It is a block diagram of the RGB light source module which concerns on 1st Embodiment. It is an optical circuit diagram of the RGB light source module according to the first embodiment. It is a perspective view of the filter block used for the RGB light source module concerning a 1st embodiment. It is a table | surface figure which shows the optical characteristic of each filter used for the RGB light source module which concerns on 1st Embodiment. It is a block diagram of the RGB light source module which concerns on 2nd Embodiment. It is an optical circuit diagram of the image display apparatus which concerns on a prior art example.

Hereinafter, embodiments of the RGB light source module according to the present invention will be described.

<First Embodiment>
1 to 4 show an RGB light source module 1A according to the first embodiment. As shown in these drawings, the RGB light source module 1A according to the first embodiment includes a green light emitting element 2, a blue light emitting element 3, a red light emitting element 4, and green light and blue light emitted from the green light emitting element 2. A first filter 5 for combining the blue light emitted from the light emitting element 3, a second filter 6 for further combining the combined light with the red light emitted from the red light emitting element 4, and these The filter block unit 7 formed by fixing the first and second filters 5 and 6 to the filter block main body 7a, the monitor 8 for detecting the light intensity of the white light demultiplexed by the second filter 6, and the light emission It is mainly composed of elements 2, 3, and 4, a filter block body 7 and a housing 9 that holds the monitor 8 together.

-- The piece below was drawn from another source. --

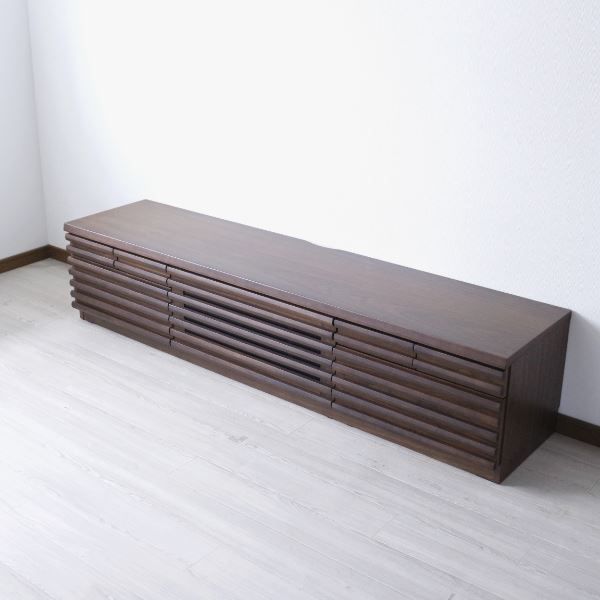 テレビ台 テレビボード 約幅179.5×奥行41.5×高さ39.5cm ルーバー リビング ダイニング インテリア家具代引NG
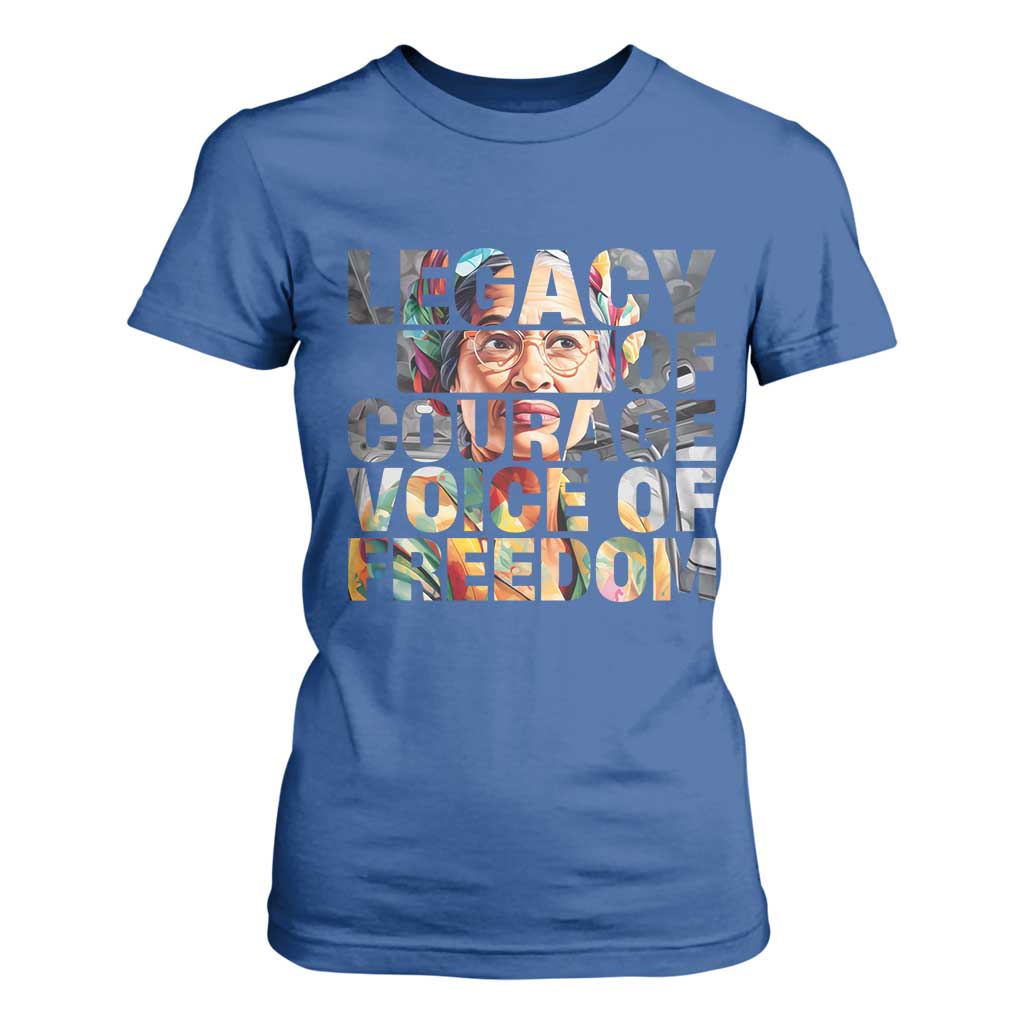 Rosa Parks T Shirt For Women Legacy Of Courage Voice Of Freedom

As the green light emitting element 2, a semiconductor laser that emits light that has been wavelength-converted into green light LG by a green SHG element is used. As the blue light emitting element 3 and the red light emitting element 4, a blue semiconductor that emits blue light LB, respectively. A red semiconductor laser that emits a laser and red light LR is used. The light emitted from each of the light emitting elements 2, 3, 4 is combined by matching the optical axes, and is emitted as a white light LW from an exit (not shown) provided in the housing 9. Means for matching the optical axes of the green light LG, the blue light LB, and the red light LR will be described later.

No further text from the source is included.